Jenofonte escribió sobre el modo en que Sócrates se negó a pedir un castigo menor y no permitió que sus amigos lo ayudaran a huir. Además, aseguraba que Sócrates vio en su posible sentencia de muerte la oportunidad de morir como había vivido, virtuoso hasta el final.
La dificultad, amigos míos, no es evitar la muerte, sino evitar la injusticia.
Creía que la mente es el mayor regalo de la humanidad, y que usarla en la búsqueda de la sabiduría y la verdad es el mayor bien.
Mientras los amigos y seguidores de Sócrates se rasgaban las vestiduras, él se mantuvo tranquilo, aprovechando su oportunidad para ofrecer un último momento de sabiduría: que la vida no va de evitar la muerte, sino de vivirla de la manera correcta. Durante su juicio, pronunció una de las frases más lapidarias de la historia, que fue recogida así por Platón:
La vida sin examen no vale la pena vivirla.

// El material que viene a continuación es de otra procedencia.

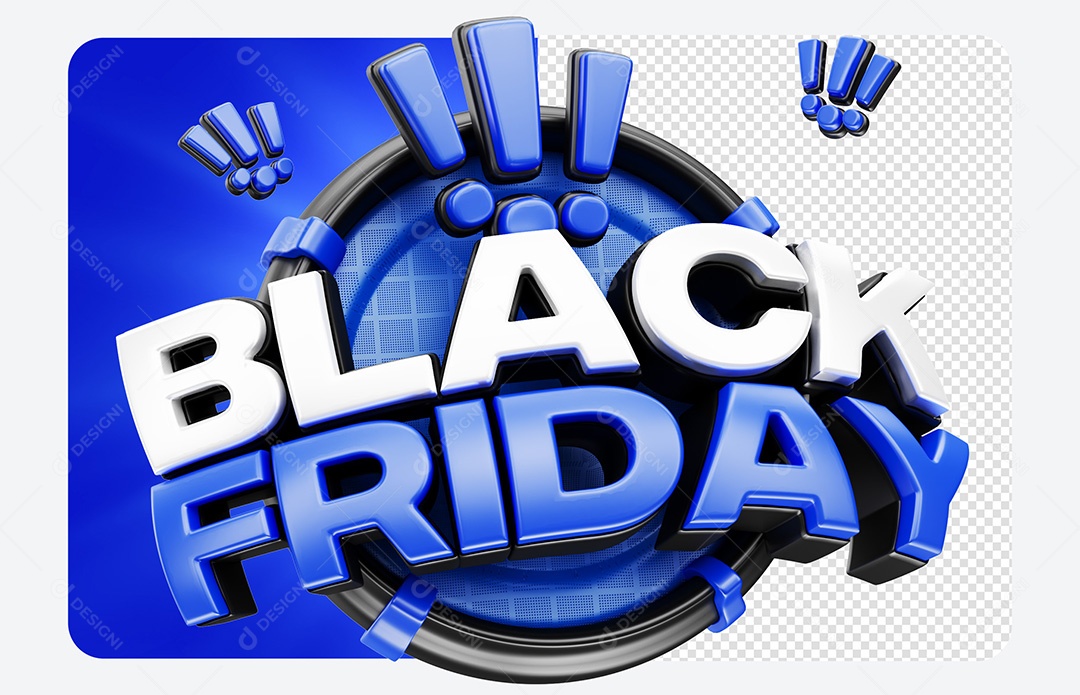 Selo 3D Black Friday Azul para Composição PSD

Jenofonte relata cómo Sócrates permaneció alegre y racional durante todo el juicio y hasta su muerte, consolando e incluso regañando a sus discípulos. Y cómo, al final, bebió la copa de veneno como si fuera vino.
Y de este modo, Atenas convirtió involuntariamente al viejo Sócrates en un mártir, transformándolo para siempre en el símbolo de la racionalidad y la indagación intelectual y crítica del mundo moderno.
Volvamos a estas palabras, que constituyen el legado póstumo de un hombre íntegro:
La vida sin examen no vale la pena vivirla.
Eso, en una sola línea, resume la esencia del legado de la Grecia antigua: no un conjunto específico de creencias o ideas, sino una forma de pensar.
Una forma de pensar que ha modelado tu mundo tal como lo conoces hoy.